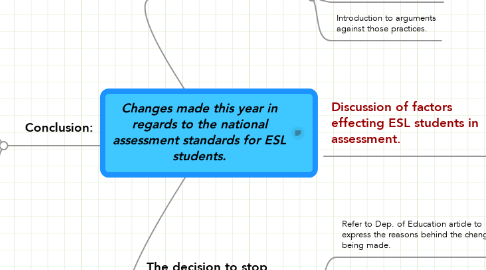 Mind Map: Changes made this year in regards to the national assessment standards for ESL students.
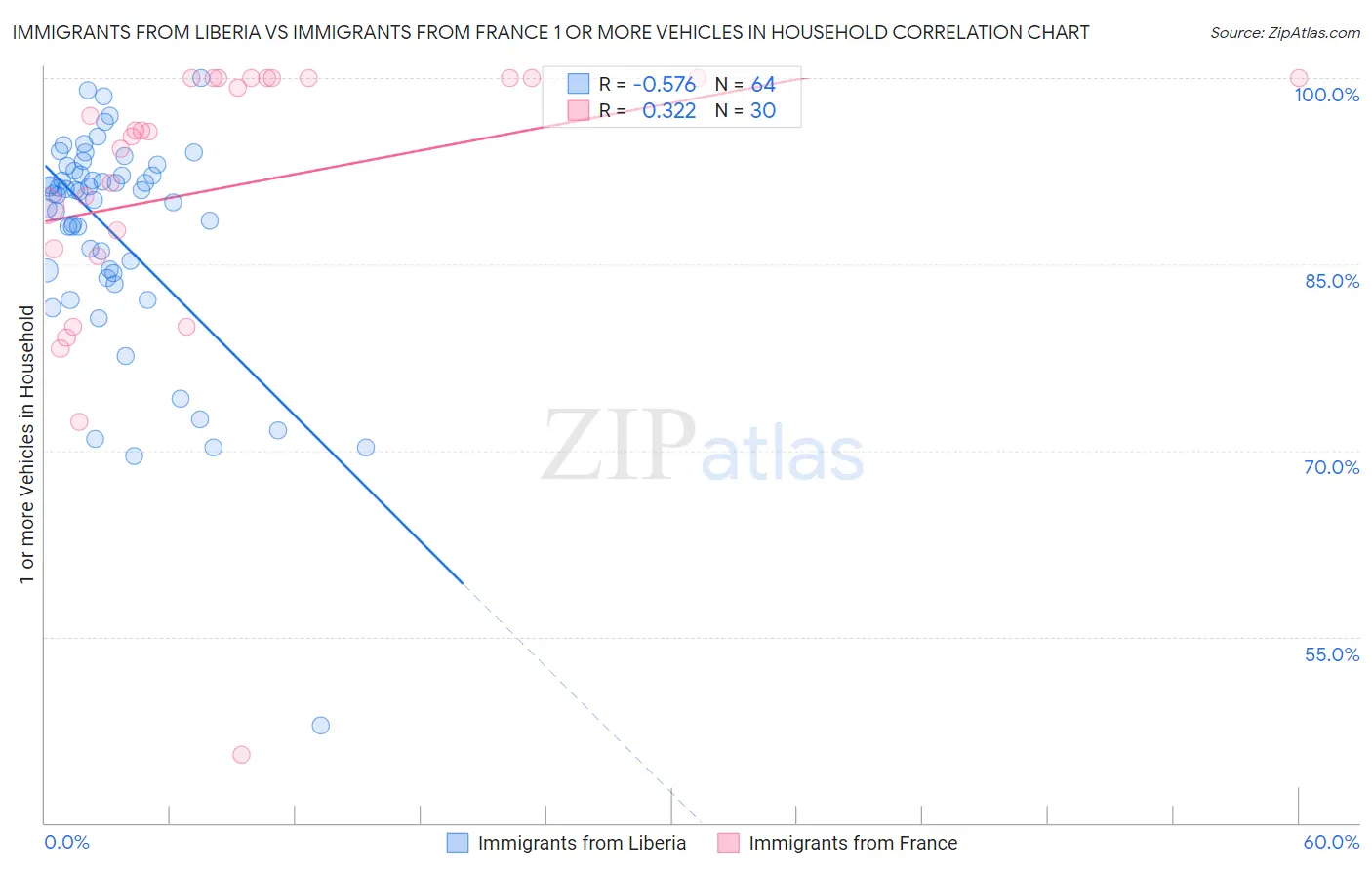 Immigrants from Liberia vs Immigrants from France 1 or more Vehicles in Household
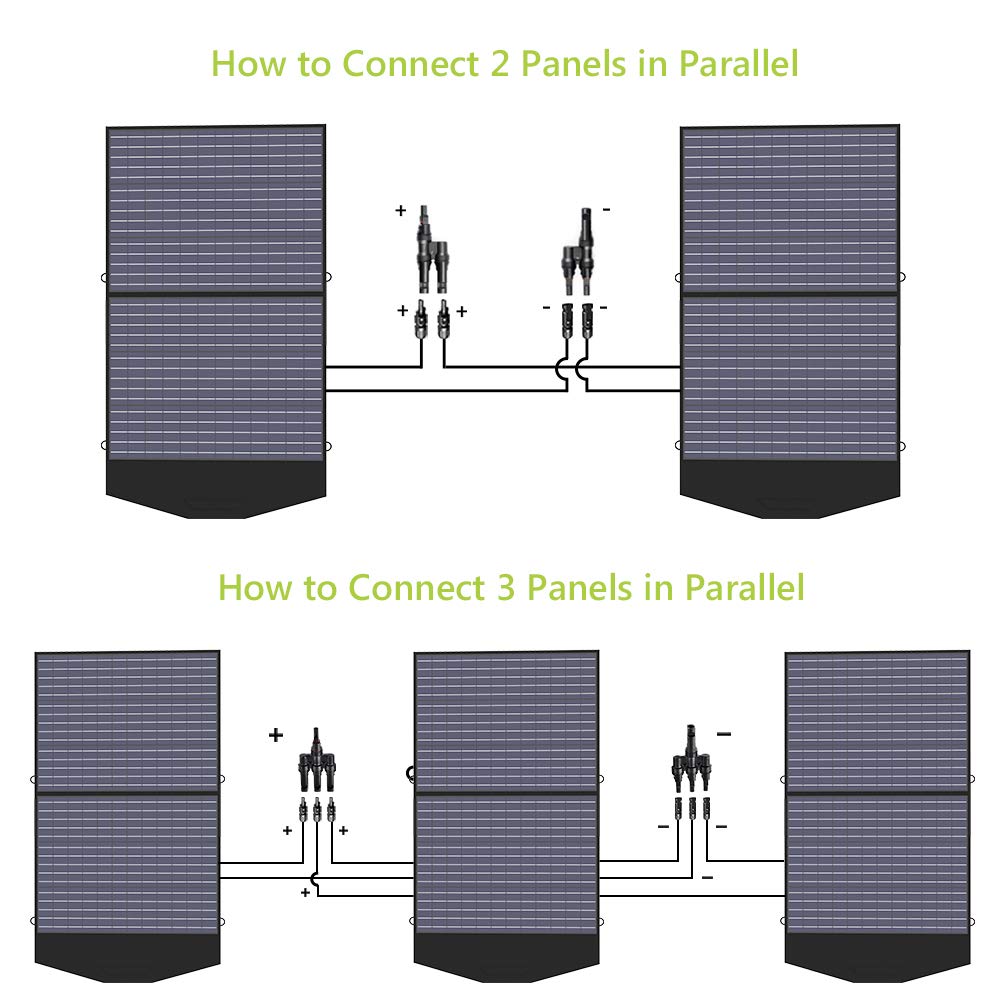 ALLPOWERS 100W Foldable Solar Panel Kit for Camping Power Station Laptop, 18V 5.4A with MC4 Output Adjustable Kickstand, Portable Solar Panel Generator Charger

----

What you are asked to do → Each line above must be set down exactly, though no picture should be carried over.

Answer to the exercise →
 Mind Map: Changes made this year in regards to the national assessment standards for ESL students.
 Immigrants from Liberia vs Immigrants from France 1 or more Vehicles in Household
 ALLPOWERS 100W Foldable Solar Panel Kit for Camping Power Station Laptop, 18V 5.4A with MC4 Output Adjustable Kickstand, Portable Solar Panel Generator Charger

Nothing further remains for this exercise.